Weltraumhotel oder Flug in die Stratosphäre

Eine Frage taucht jedoch immer wieder auf: Ist der Weltraum überhaupt für den Menschen gedacht? Das sei in der Tat ein großes moralisches Problem, räumt Toivonen ein. "Wir haben unseren Planeten zerstört und dann gehen wir in den Weltraum und zerstören den auch noch." Die Gesetzgebung sei völlig unzureichend: "Es sieht im Moment aus wie der Wilde Westen". Doch egal wie man die Sache sieht: Der kommerzielle Wettlauf ins All ist längst in vollem Gange.

Doch falls so ein Raketenflug nicht Ihr Ding ist: das US-Unternehmen "Space Perspective" arbeitet schon an einer zahmeren Variante. Passagiere sollen in einer Kapsel, einer Art Hightech-Version eines Heißluftballons "von der Größe eines Fußballstadions", mit Wasserstoffantrieb in die Stratosphäre und damit an den Rand des Weltraums gebracht werden. Die ersten Flüge sind für Anfang 2024 geplant. Tickets kosten 125.000 Dollar. Pro Person.
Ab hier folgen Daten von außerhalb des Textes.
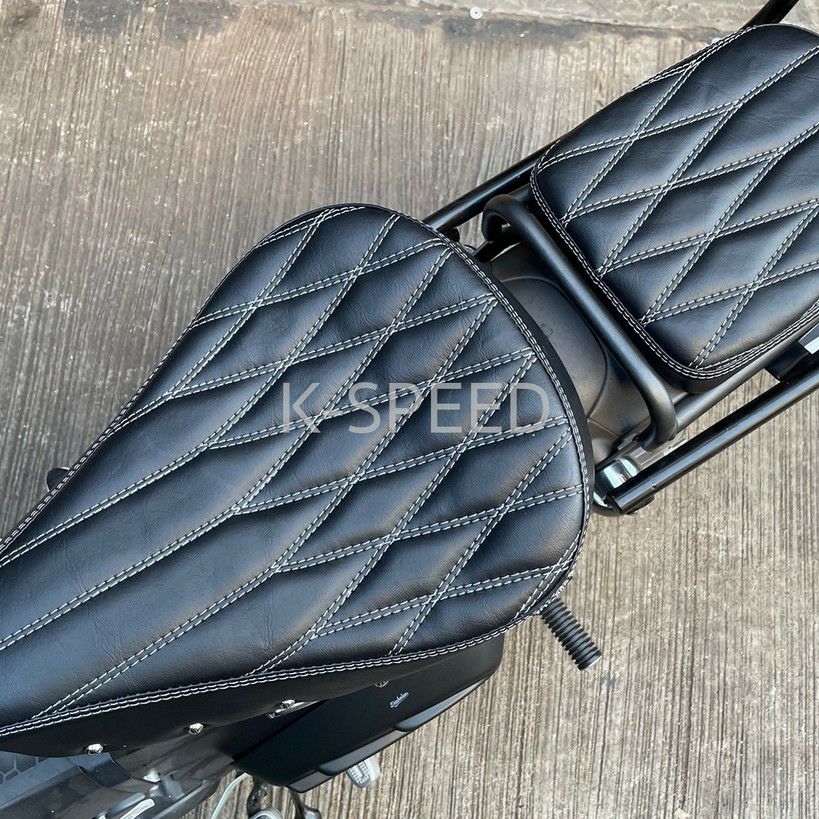 ＜商談中＞前後新品タイヤ マッドブラックな人気のスーパーカブ カスタム角目4速　セル付き アウトスタンディングモーターサイクル｜スーパーカブ レッグシールド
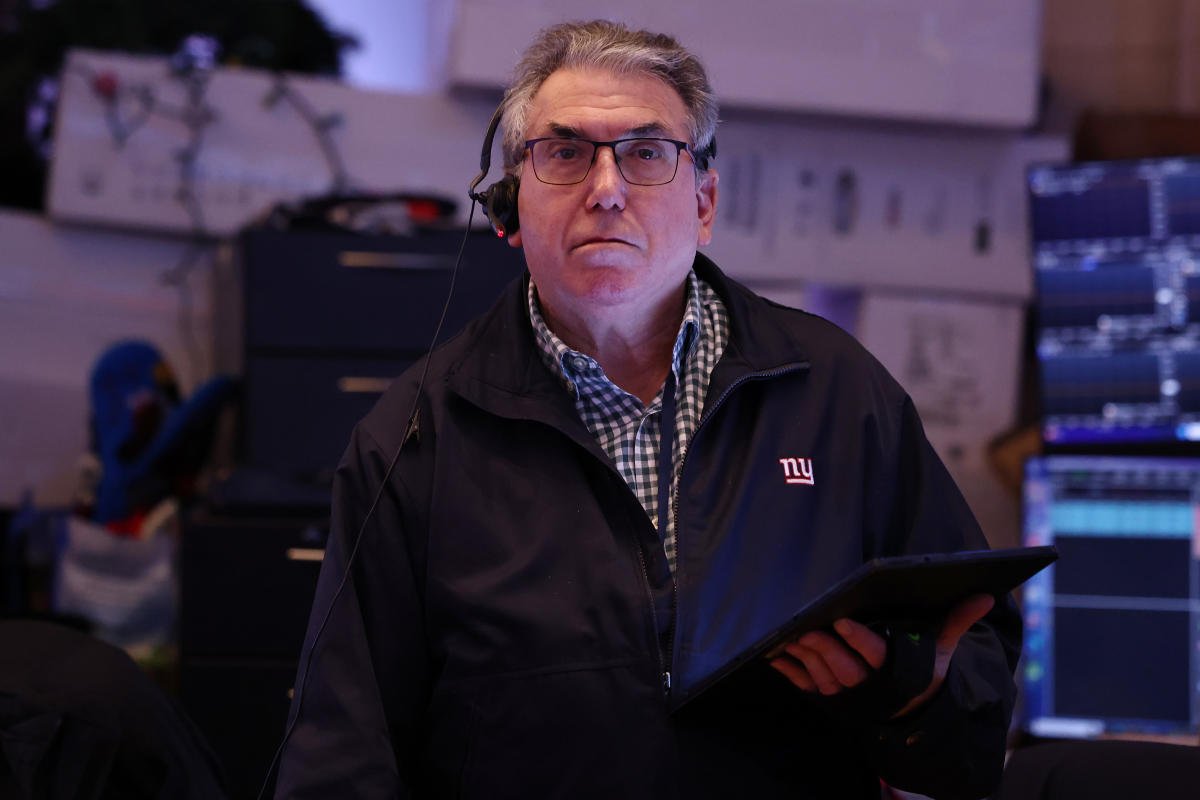 stock-market-today:-nasdaq-futures-slide,-s&p-500-backs-off-from-record-as-techs-lose-steam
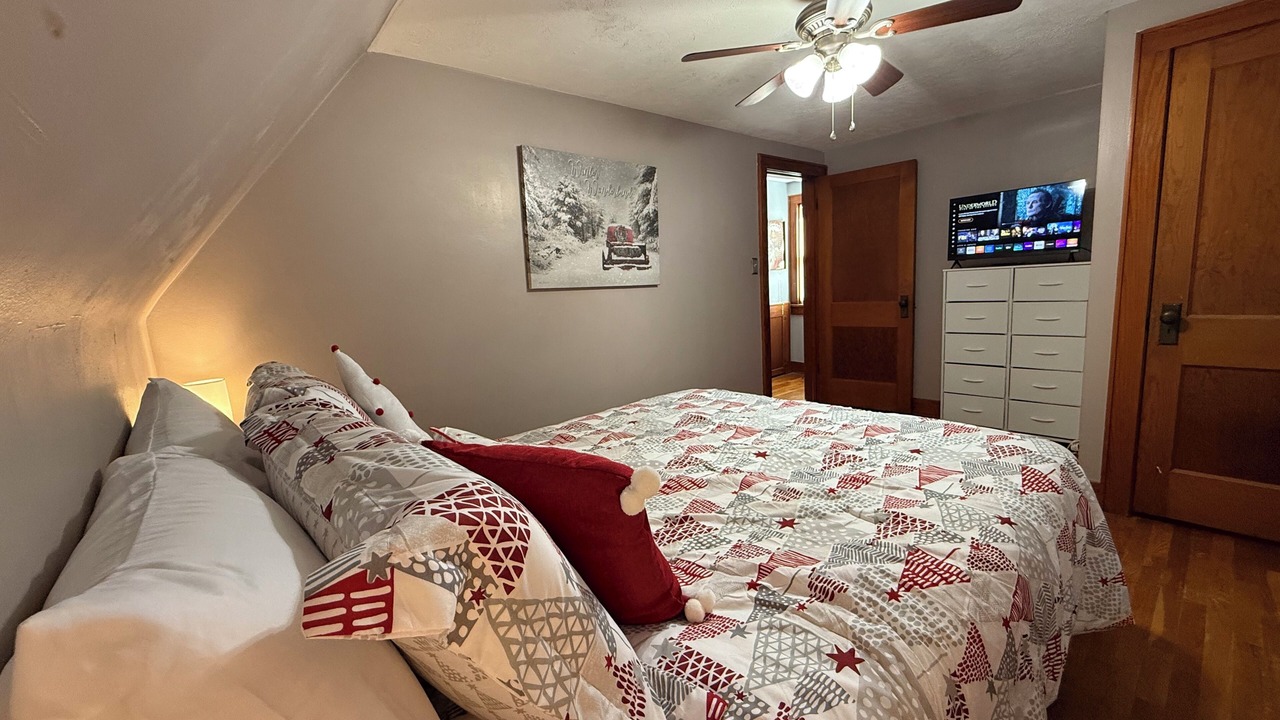 Photo of Bedroom in Salina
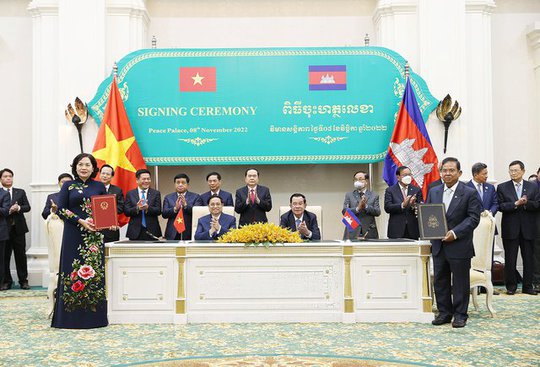 Việt Nam - Campuchia ký kết 11 văn kiện hợp tác - Ảnh 3.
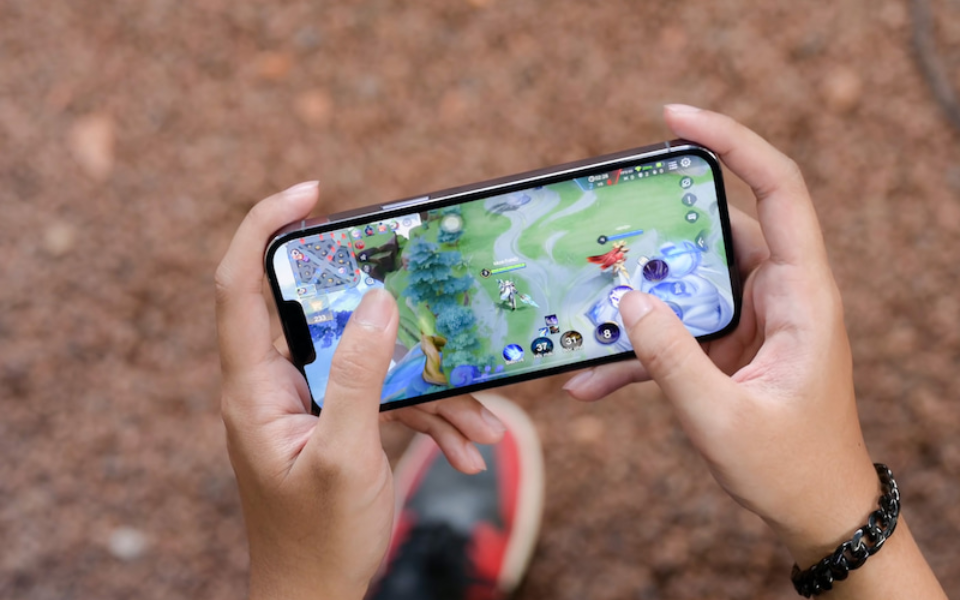 Bạn có thể vừa nghe nhạc vừa chơi game trên iPhone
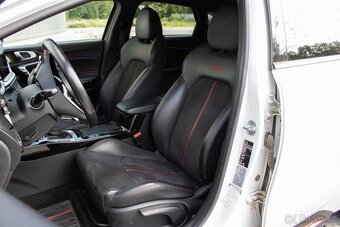 Kia ProCeed 1.6 T-GDi GT A/T - 9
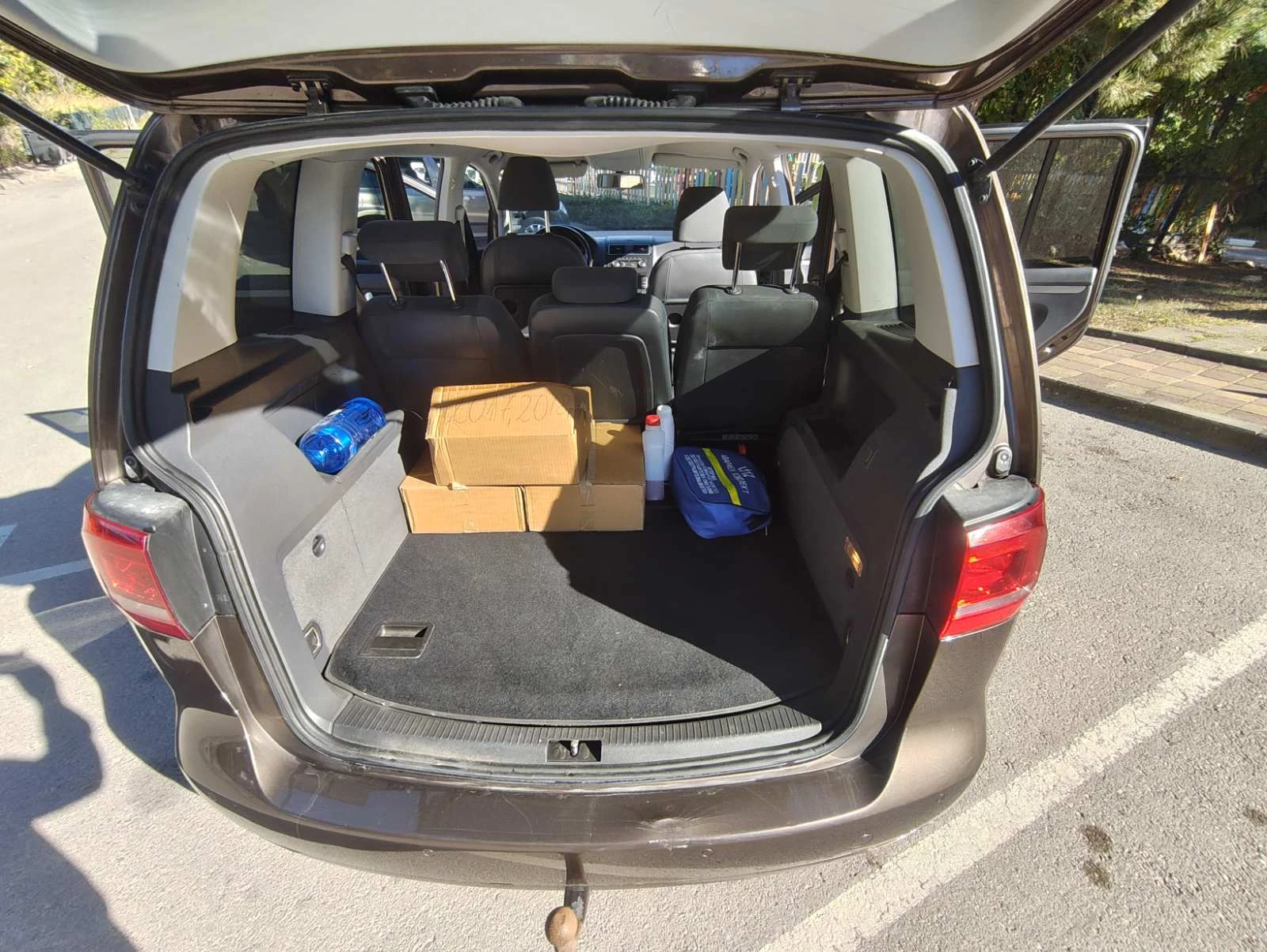 VW Touran, снимка 7 - Автомобили и джипове - 56161143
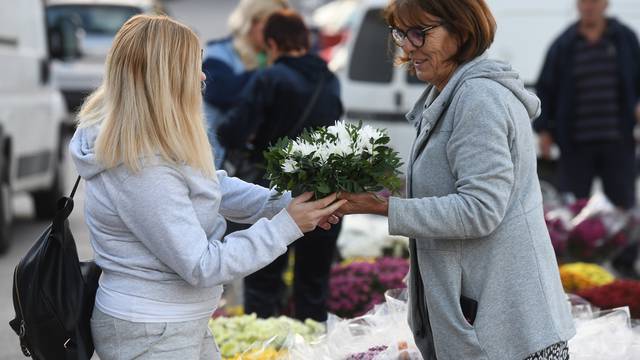 Šibenik: Kupovina cvije?a na blagdan Svi svetih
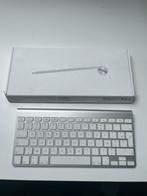 Apple toetsebord Azerty, Computers en Software, Toetsenborden, Ophalen of Verzenden, Azerty, Zo goed als nieuw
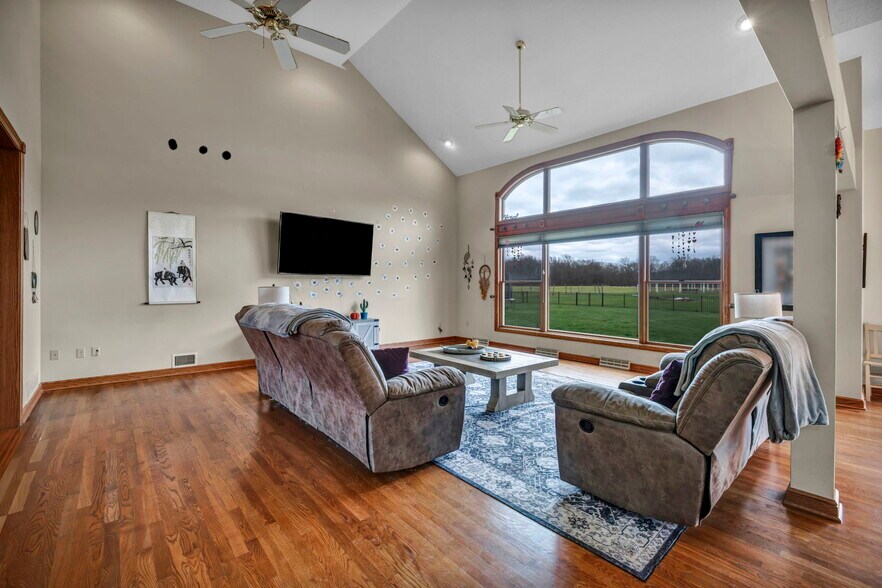 More Photos Of 16449 S Boone Rd, Columbia Station Specialty For Sale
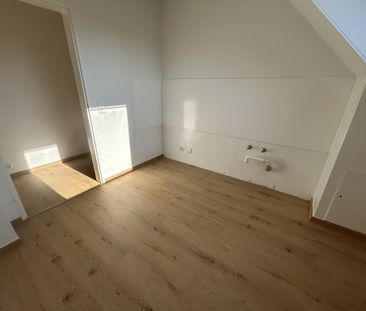 Renovierte, teilw. sanierte Wohnung perfekt für die Einzelperson - Photo 1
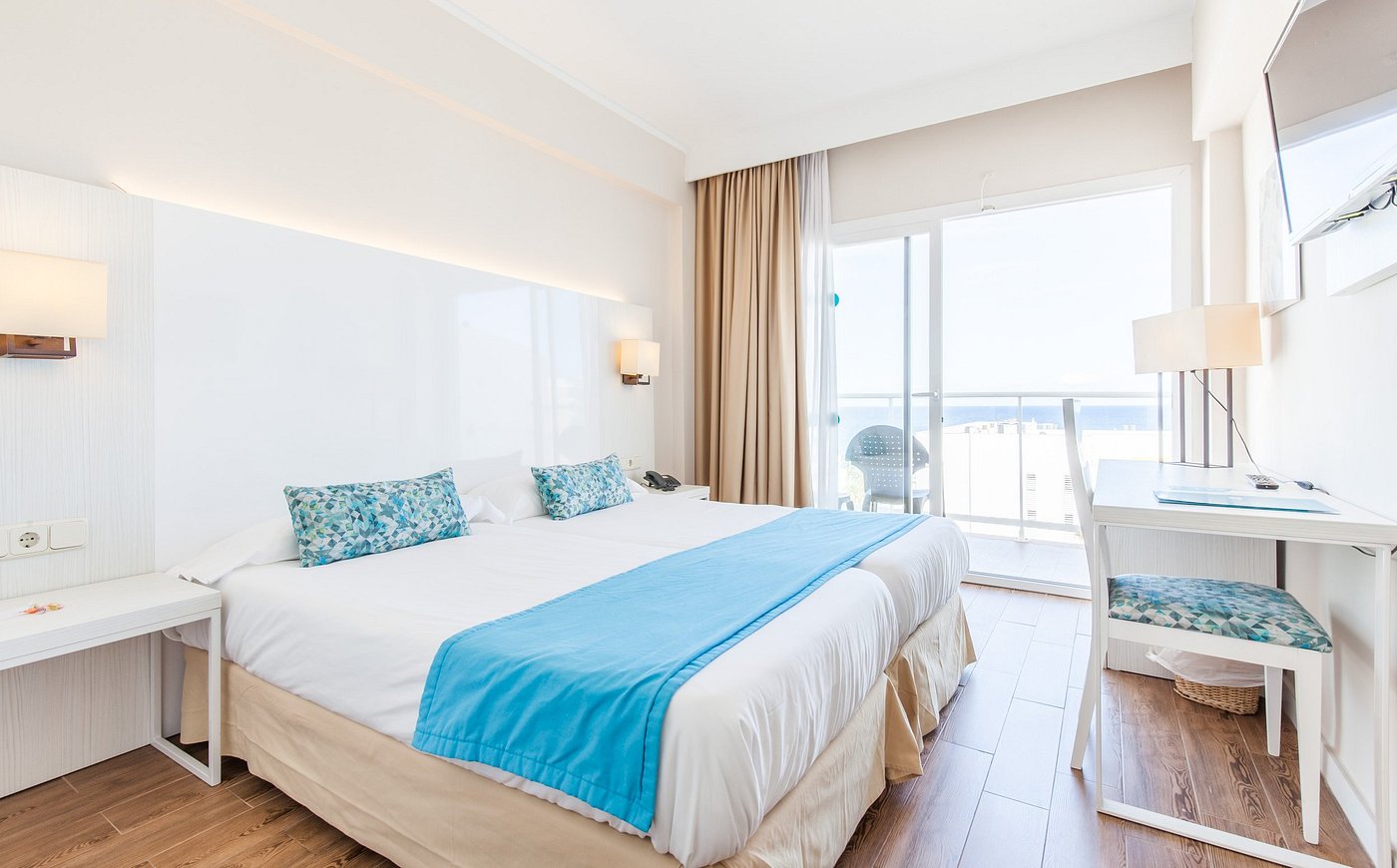 BLUESEA Cala Millor — pool and terrace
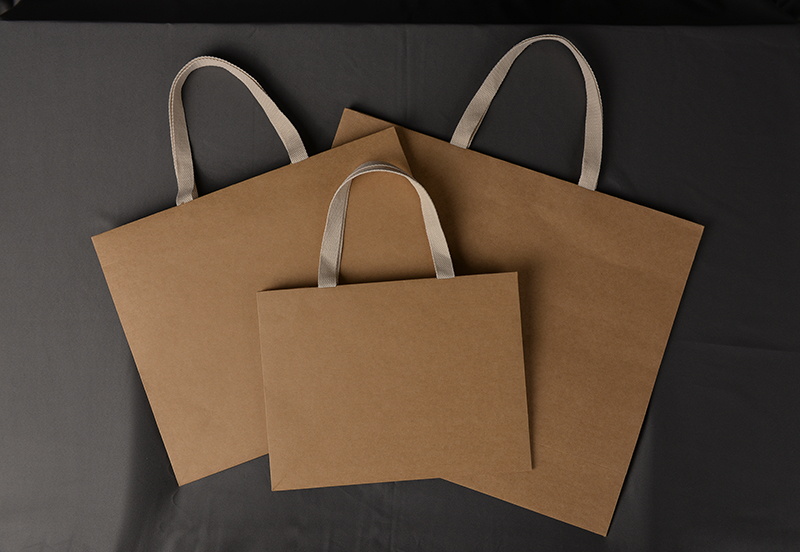 Aangepaste kraft handtas met handvat papier cadeaubas voor kledingschoenen boodschappentas 8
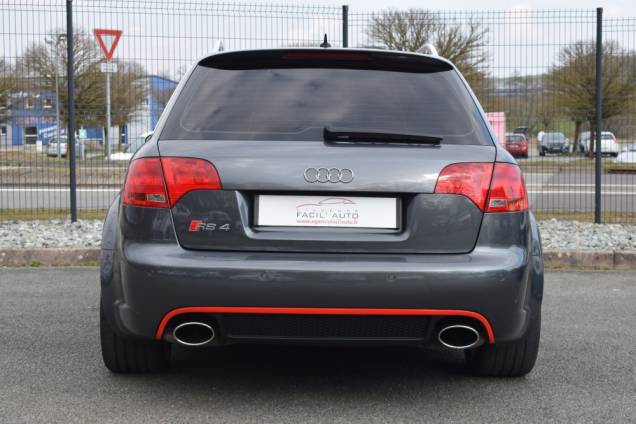 AUDI RS4 AVANT B7 4.2 V8 420 CV BVM6 / PACK F1 / PACK CARBONE / DISQUES CERAMIQUE / SYSTEME  BOSE 6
Infografik Global revenue forecast of space tourism 2021-2030 DE

Ist das etwa auch nicht das Richtige? Das Unternehmen Orbital Assembly Corporation plant für 2027 die Eröffnung eines luxuriösen Weltraumhotels. Die Voyager Station sieht ein bisschen aus wie ein Riesenrad das im Orbit schwebt, es soll ein Restaurant, ein Fitnessstudio und Bars mit Blick auf die Erde geben. Der Preis? Etwa fünf Millionen Dollar. Und nach drei Tagen ist Bettenwechsel. 

Dieser Artikel wurde aus dem Englischen übersetzt.